Kommen wir zur Börsenentwicklung des Unternehmens. Haben Sie diese Entwicklung erwartet?

Herbert Schein: Die Kursentwicklung der VARTA-Aktie zeigt, dass die Investoren in die langfristige Wachstumsstrategie der VARTA AG vertrauen. Wir haben in den letzten Jahren die richtigen Weichen gestellt, viel in Forschung und Entwicklung investiert und auf die richtigen Technologien gesetzt. Das spiegelt sich im Aktienkurs wieder, der Anfang 2019 bei rund 25 Euro lag und sich seither ungefähr vervierfacht hat.

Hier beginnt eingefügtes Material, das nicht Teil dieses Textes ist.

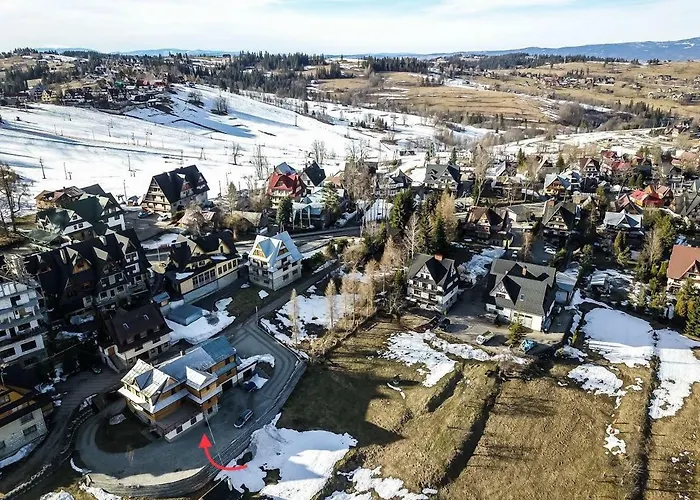 Huragan 3* Bukowina Tatrzanska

Eine letzte Frage. Sie gelten als einer der wenigen CEOs, der auch eine entsprechende Ausbildung in seinem Fachgebiet besitzt. Inwiefern hat sich Ihre Rolle als CEO der VARTA AG verändert?
Herbert Schein: Ich bin damals als CEO angetreten mit der Mission, das Unternehmen wieder zusammenzuführen und die VARTA groß und stark zu machen. Hier haben wir schon beachtliche Erfolge erzielt. So haben wir es geschafft, den Konzern in ein Technologieunternehmen umzuwandeln. Dafür haben wir viel in Forschung und Entwicklung investiert. Heute verfügen wir nicht nur über ein tiefes Know-how in der Elektrochemie, sondern können dieses auch mit einer exzellenten Maschinen- und Prozesstechnologie kombinieren, und damit unsere innovative Technologie zügig in eine profitable Massenproduktion überführen. Das ist der Schlüssel zum Erfolg. Das haben wir bei den Zink-Luft-Batterien für Hörgeräte gezeigt sowie bei den kleinen Lithium-Ionen Zellen. Dieses Erfolgsrezept werden wir nun erneut auf weitere Geschäftsbereiche übertragen.

Herr Schein, Herr Schmerer, wir bedanken uns für das Gespräch!